NV30 pixel shader, very interesting...

Luminescent · Jan 24, 2003

A question to start: when a company like Nvidia does a flop count for their processors (supposedly 200 gflops for NV30), do they count only 1 type of flop operation (fmad), or do they also count special purpose floating point ops in addition to the fmads?

I recall 51 gflops for the pixel shader in NV30. With each virtual pipeline having 4 fmads running at half precision, the number should have been obtained through counting something like- 2 ops per mad*2 half-float ops*4 fmad units a pipe*8pipelines*400 million cycles a clock=51.2gflops. It seems Nvidia is not counting the special purpose pixel units which should be able to execute at 1 op per cycle and be included in the 8 pipelines. I am sure they have to be in there, or sin, cos, log2, ddx, ddy, etc. support would be missing, or not feasible. This caught my attention. Any thoughts?

Arun · Jan 24, 2003

Well, as you said yourself, it's 200 gflops for the NV30 and 50 gflops for the NV30 Pixel Shader

I don't quite see how they could get to 200 gflops if they only counted traditional floating point operations. The Pixel Shader probably takes more than 1/4 of the traditional floating point operations, at least 1/3...

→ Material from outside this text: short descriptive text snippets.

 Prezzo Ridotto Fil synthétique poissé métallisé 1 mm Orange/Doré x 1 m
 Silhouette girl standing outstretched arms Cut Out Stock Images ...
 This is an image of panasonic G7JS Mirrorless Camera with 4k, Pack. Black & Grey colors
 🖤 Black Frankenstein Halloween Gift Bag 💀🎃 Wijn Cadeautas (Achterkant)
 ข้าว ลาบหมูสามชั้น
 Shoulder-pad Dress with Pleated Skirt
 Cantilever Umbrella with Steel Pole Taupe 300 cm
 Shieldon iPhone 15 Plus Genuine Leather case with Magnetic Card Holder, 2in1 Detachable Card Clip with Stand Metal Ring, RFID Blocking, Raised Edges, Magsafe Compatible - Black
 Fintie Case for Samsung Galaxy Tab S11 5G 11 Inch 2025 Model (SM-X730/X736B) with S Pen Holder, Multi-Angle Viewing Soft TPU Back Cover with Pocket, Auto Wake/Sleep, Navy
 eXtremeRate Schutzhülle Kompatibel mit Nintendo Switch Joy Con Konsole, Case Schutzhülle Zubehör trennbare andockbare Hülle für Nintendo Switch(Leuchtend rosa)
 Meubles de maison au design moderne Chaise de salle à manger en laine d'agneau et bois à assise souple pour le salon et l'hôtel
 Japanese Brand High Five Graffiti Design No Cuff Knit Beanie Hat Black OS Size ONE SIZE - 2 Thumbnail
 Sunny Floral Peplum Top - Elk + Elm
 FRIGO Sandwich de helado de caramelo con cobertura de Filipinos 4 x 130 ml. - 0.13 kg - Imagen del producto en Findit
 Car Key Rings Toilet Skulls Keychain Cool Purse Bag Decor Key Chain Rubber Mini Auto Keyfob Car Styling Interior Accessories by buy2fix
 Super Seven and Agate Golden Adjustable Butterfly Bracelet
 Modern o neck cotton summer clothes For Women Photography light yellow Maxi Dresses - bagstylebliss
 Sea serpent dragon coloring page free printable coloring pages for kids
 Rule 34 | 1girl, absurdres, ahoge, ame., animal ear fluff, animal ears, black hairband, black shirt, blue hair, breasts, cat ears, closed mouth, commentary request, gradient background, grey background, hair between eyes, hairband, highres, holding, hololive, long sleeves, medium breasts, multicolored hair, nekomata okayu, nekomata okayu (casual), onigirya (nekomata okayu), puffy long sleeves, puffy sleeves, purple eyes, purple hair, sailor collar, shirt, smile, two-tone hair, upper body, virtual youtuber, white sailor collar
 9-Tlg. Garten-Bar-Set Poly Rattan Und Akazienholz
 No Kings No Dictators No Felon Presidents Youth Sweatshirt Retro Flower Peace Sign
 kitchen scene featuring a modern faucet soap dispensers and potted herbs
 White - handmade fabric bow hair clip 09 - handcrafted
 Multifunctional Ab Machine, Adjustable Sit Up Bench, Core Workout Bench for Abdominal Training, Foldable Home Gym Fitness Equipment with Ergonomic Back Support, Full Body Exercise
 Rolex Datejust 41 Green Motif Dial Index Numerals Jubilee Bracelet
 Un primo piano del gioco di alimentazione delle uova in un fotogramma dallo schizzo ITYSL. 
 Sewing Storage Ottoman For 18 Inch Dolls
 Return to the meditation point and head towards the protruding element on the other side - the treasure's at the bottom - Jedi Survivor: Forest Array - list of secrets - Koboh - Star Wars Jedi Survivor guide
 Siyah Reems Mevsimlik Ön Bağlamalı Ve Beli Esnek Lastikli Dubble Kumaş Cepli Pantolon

Or is my reasoning just plain wrong :?:

Uttar

K.I.L.E.R · Jan 24, 2003

Nice numbers.

Wait a few months and those numbers will look like the number 1 does compared to 10K.

Tahir2 · Jan 24, 2003

REF: GFFX, where art thou?

1 is better than 0

megadrive0088 · Jan 24, 2003

Remember Nvidia's LUDICRIS floating point numbers for all of their chips.

Riva128=16 GFLOPs (thus more than 2x that of Playstation2's 6.2 GFLOPs)

GeForce256 = 50 GFLOPs

GeForce3 = 76 GFLOPs

Nvidia's GFLOPs are what I'd like to call "NVFLOPs" they seem about 10x trumped up beyond most standards that even SONY goes by.

g__day · Jan 24, 2003

The only FLOP I see is the tardy launch - very Bit Boyish...

A reasonable FLOP measure would be an average of composite 3D instructions typical in process 3D geometry surely. Even if it was as dumb as count all maths instructions by their frequency of occurrence in 3D Mark and just put this make up thru your shaders for 10 minutes.

Also are their figures maximum burst rates for 1/1000 th of a second or their minimum sustained rates under continued load for hours?

DemoCoder · Jan 24, 2003

megadrive0088 said:
Remember Nvidia's LUDICRIS floating point numbers for all of their chips.

Riva128=16 GFLOPs (thus more than 2x that of Playstation2's 6.2 GFLOPs)

They are just counting how much raw FLOP power is used up in the rasterization pipeline. This number corresponds to how much CPU power you'd have to have if you wanted to render the scene in software.

3dfx made similar claims in their ads of over a billion ops.

Remove the GS from the PS/2 and let's see if the EE could rasterize in software faster than the Riva128. Or a Pentium4 for that matter.

Don't get caught up in comparing HW accelerated fixed functions with "general purpose FLOPS"

The fact is, 3D hardware is enormously parallel and does an enormous amount of computation for each pixel. Just think of all the perspective divides, setup, and LERPs going on.

KimB · Jan 25, 2003

megadrive0088 said:
Remember Nvidia's LUDICRIS floating point numbers for all of their chips.

Riva128=16 GFLOPs (thus more than 2x that of Playstation2's 6.2 GFLOPs)

GeForce256 = 50 GFLOPs

GeForce3 = 76 GFLOPs

Those weren't "FLOPS" in previous chips. They were "operations," and before the GF256, they were all integer (the 256's T&L pipe had to use 32-bit floats...).

That, and those numbers are far from unbelievable. Take a quick look at texture filtering, for example.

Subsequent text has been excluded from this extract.